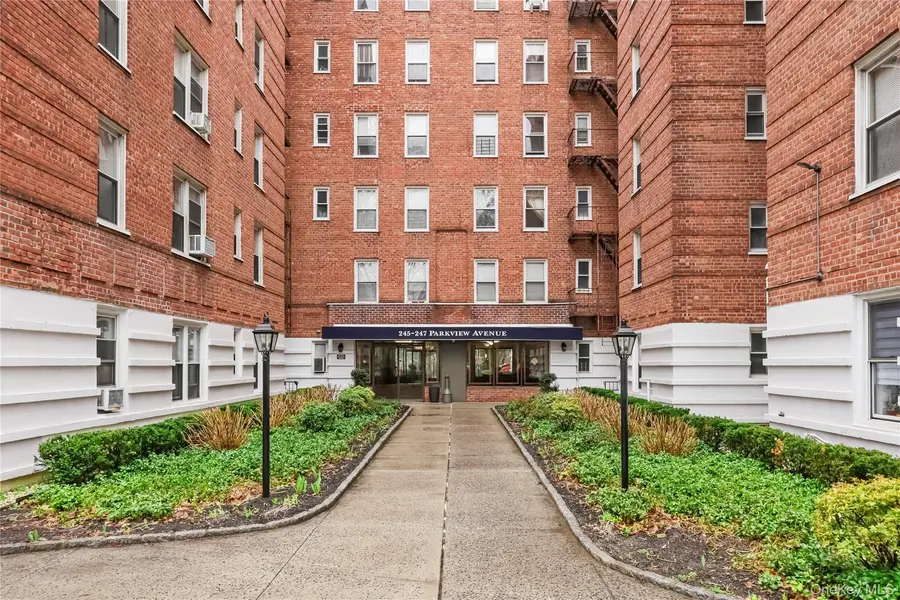 247 Parkview RD #5J, Bronxville, NY 10708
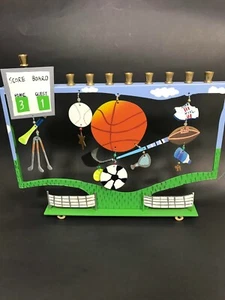 Tema deportivo para niños Hanukkah Menorah hecho a mano pintado a mano béisbol fútbol infantil - Imagen 1 de 4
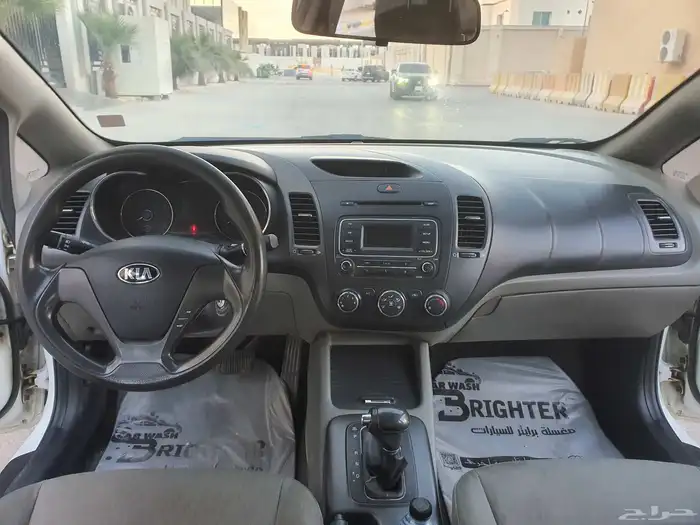 للبيع كيا سيراتو 2016 مالك أول 13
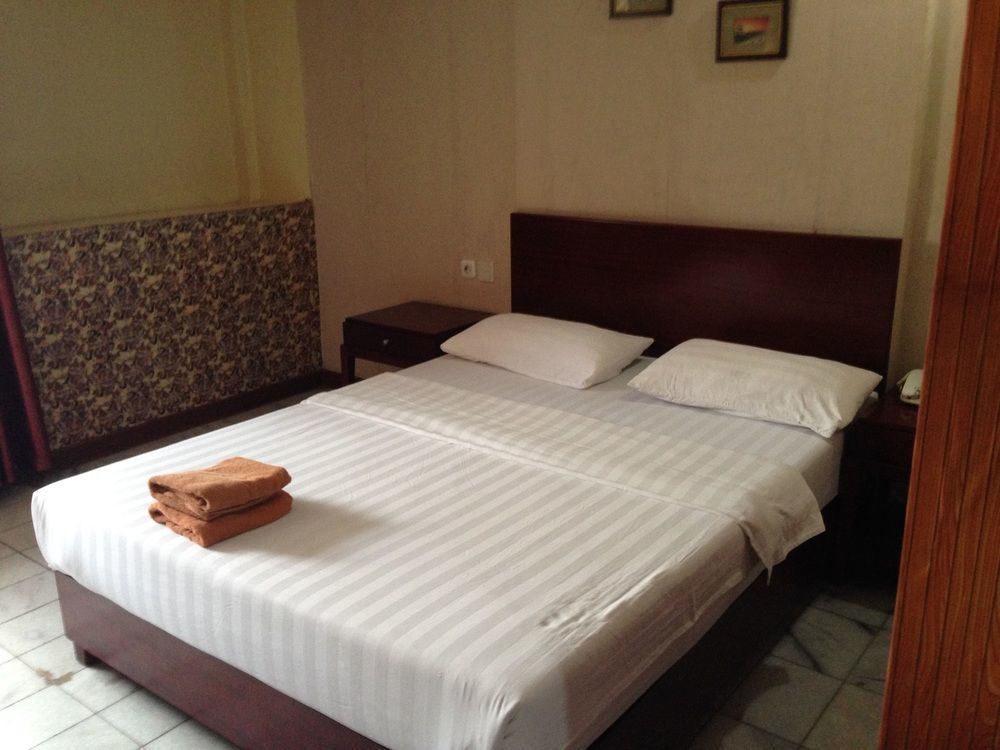 Hotel Mustika Senen Jakarta Ngoại thất bức ảnh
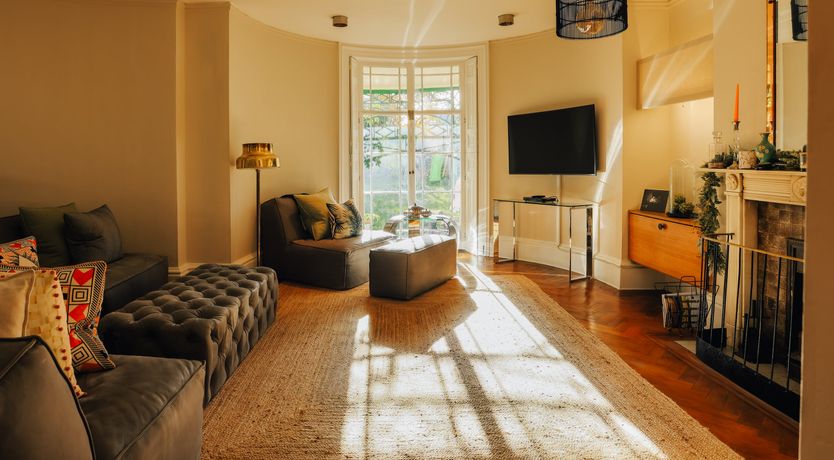 Photo of Little Orange Leaf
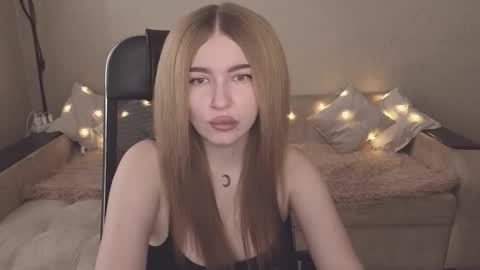 Snapshot of violettaotis chatting on 10/26/25, 09:48 ViolettaOtis online show from 10/26/25, 09:48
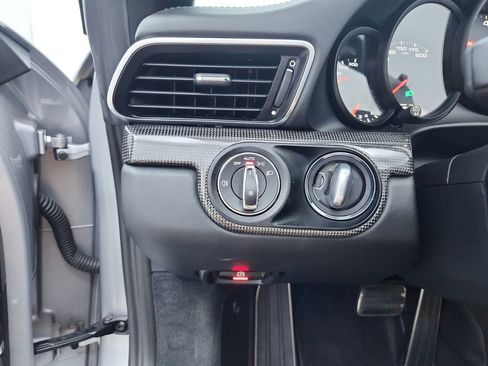 Used 2017 Porsche 911 Carrera 4S image 26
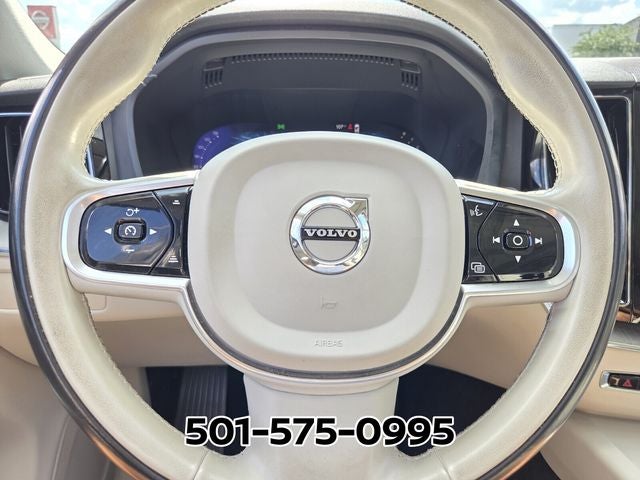 2023 Volvo XC60 B5 Plus Bright Theme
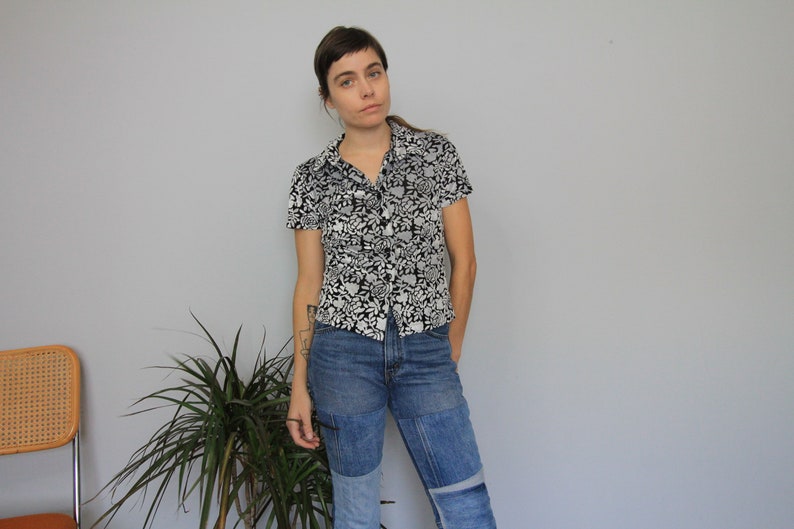 90/'s Velvet Burn Out Black White Floral Top
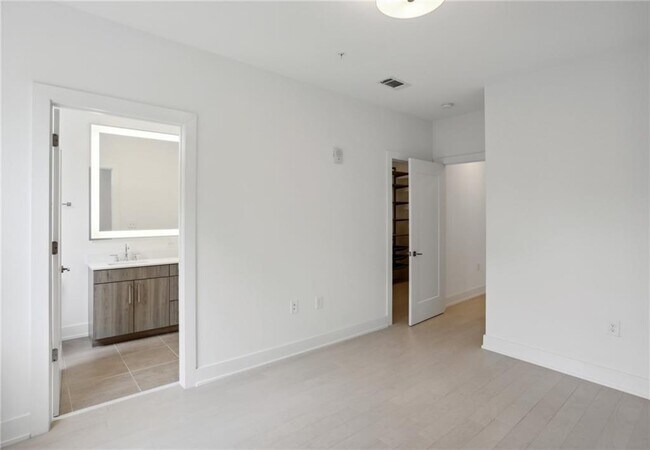 Building Photo - 775 Juniper St NE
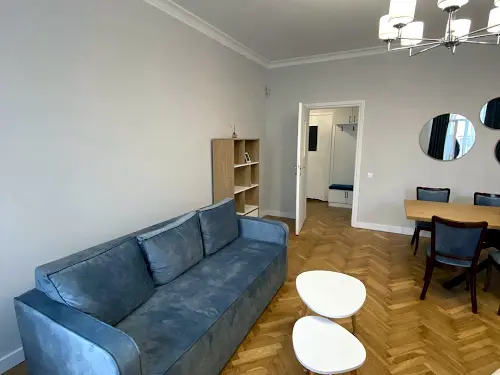 квартира за адресою Гетьмана Петра Дорошенка вул. (), 12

_ _ _ _

YOUR GOAL >> Leaving out all pictures, retype exactly the lines that run from the one containing "Building Photo - 775 Juniper St NE" through the last line of the material.

RESPONSE AREA >>
 Building Photo - 775 Juniper St NE
 квартира за адресою Гетьмана Петра Дорошенка вул. (), 12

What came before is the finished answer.